Explore the four major brand family structures for organizations with multiple brands in order to determine the relationships the brands have (or don’t have) with one another. This is a good exercise if visual identities are being evaluated.
3. Your Brand Promise
What is a brand promise and do you need one?
Define and discuss the role of a brand promise and how it’s central to your core marketing message. Review examples of famous brand promises to inspire us. Work on a written exercise to begin developing your brand promise statement. A “Client Bill of Rights” exercise is used to jump-start our thinking.
4. Market Positioning & Messaging strategy
Where will you lead in the marketplace? Define and discuss specific positioning strategies. Explore different leadership positions brands purposefully try to “own” and use to differentiate themselves. We start this exercise by identifying your industry’s table stakes to help us uncover the “me too” messaging we want to avoid. Then we look at your purpose and strengths versus key to see if our desired positioning is too similar (we want to be as opposite as possible). From this exercise we should identify a very specific market position, examples include: technology leader, fun leader, comfort leader, innovation leader, experience leader.
5. Key Audiences / Buyer Personas / Editorial Mission
Who are the most important people to reach?
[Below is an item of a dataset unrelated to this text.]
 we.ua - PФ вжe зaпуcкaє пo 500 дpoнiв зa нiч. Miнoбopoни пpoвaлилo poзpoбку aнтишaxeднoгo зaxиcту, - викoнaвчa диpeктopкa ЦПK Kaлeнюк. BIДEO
Explore via story creation the key buyers and influencers we must address with our brand and marketing communications. What are their key mindsets? Fears? Hopes? Values? Preferences? We identify what we absolutely know and what we need to research further. We also write an editorial mission statement for each persona for inbound and content marketing purposes.
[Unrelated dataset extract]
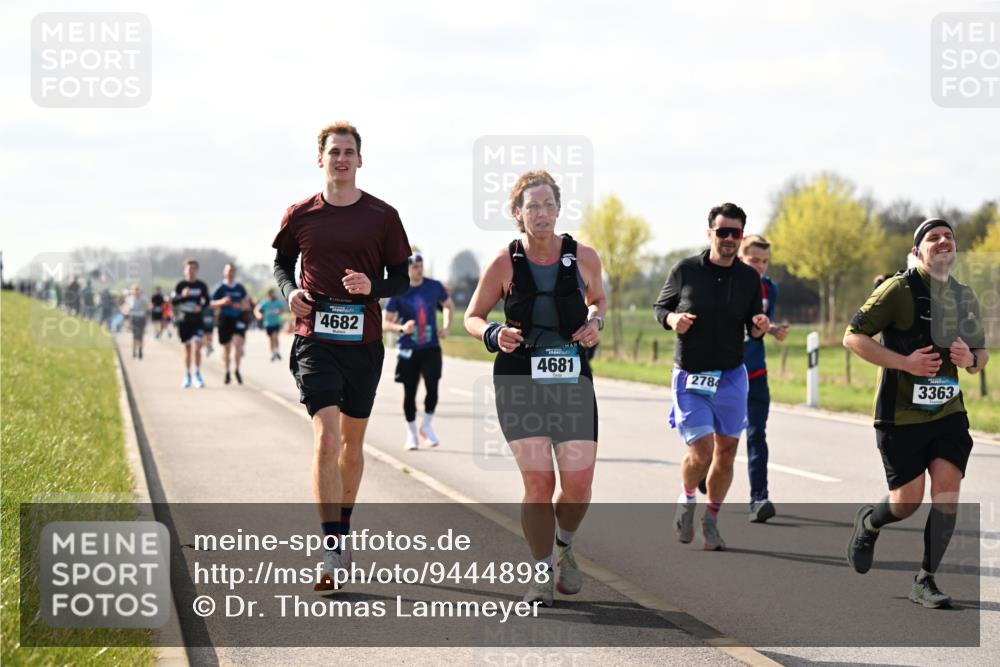 12.04.2026 - 45. Internationalen Wilhelmsburger Insellauf Dr. Thomas Lammeyer http://msf.ph/oto/9444898 12.04.2026 10:20:32 Laufen 4682, 4681, 2784, 3363 meine-sportfotos.de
6. Brand Essence & Brand Personality
What is your brand really about?
Define and explore brand personality and why having one is important. Do brand archetype exercise to explore the four human motivators and associated classic archetypes that may be a strong fit for your brand. Example archetypes: The Creator, Caregiver, Ruler, Jester, Regular Guy/Gal, Lover, Hero, Outlaw, Magician, Sage, Explorer, Innocent.
7. Brand Voice
How will your brand sound?
If your brand were a person, how would you describe him or her? Examples: The trusted friend? Humble hero? Quirky creative? Wacky disruptor? Then we define your voice’s key attributes, vocabulary and simple do’s and don’ts. We are not attempting to define every scenario but instead provide an instructive guideline for your content creators to follow when writing or producing graphics and video.
8. Tagline Types
What is your tagline?
Define and discuss the role of a marketing tagline and the 5 different tagline types. Review competitor taglines and deconstruct their brand strategy. Note: we usually do not brainstorm taglines in a Brand Summit, instead we sharpen our focus for developing strong tagline candidates later on.
9. Brand (or Customer) Experience
How will you live your brand?
Define and discuss how to “live” your brand relative to your client experience. Explore what your ideal experience would look, sound and feel like. Determine what you would start, stop or continue based on your new brand strategy.
10. Website Wish List
What would you change about your current website?
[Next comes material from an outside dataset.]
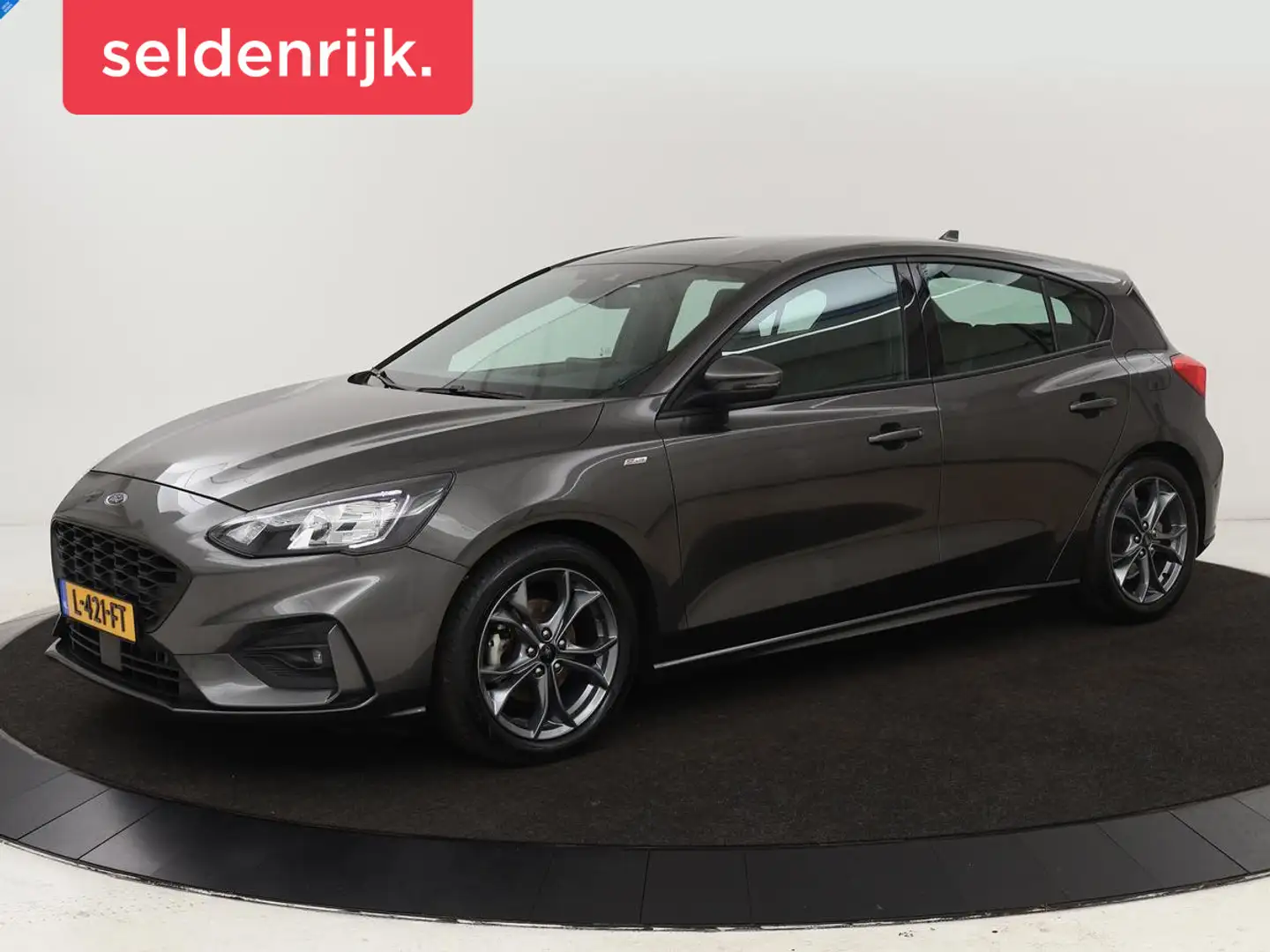 Ford Focus 1.0 EcoBoost ST Line | Stoel & stuurverwarming | C Grijs - 1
Group ideation using lots of post-it-notes! What if there were no limits on your next site’s functionality or content? What would your visitor experience look, feel or sound like? Exercise results in organization of key ideas to better brand your website.
11. Graphic Style Meter
What will your logo style look like?
Focus the graphic style discussion with the use of graphic style meters to hone in on the right words to use to describe your desired visual identity. This is a good exercise if visual identities (logos) are being evaluated, refreshed or revamped.
12. Brand Naming for Trademark Purposes
What do you need from your new name?
Group discussion and decision making about key naming criteria, name types and naming themes. Review of other brand names for similar products/services/organizations that our target audiences will likely know or use.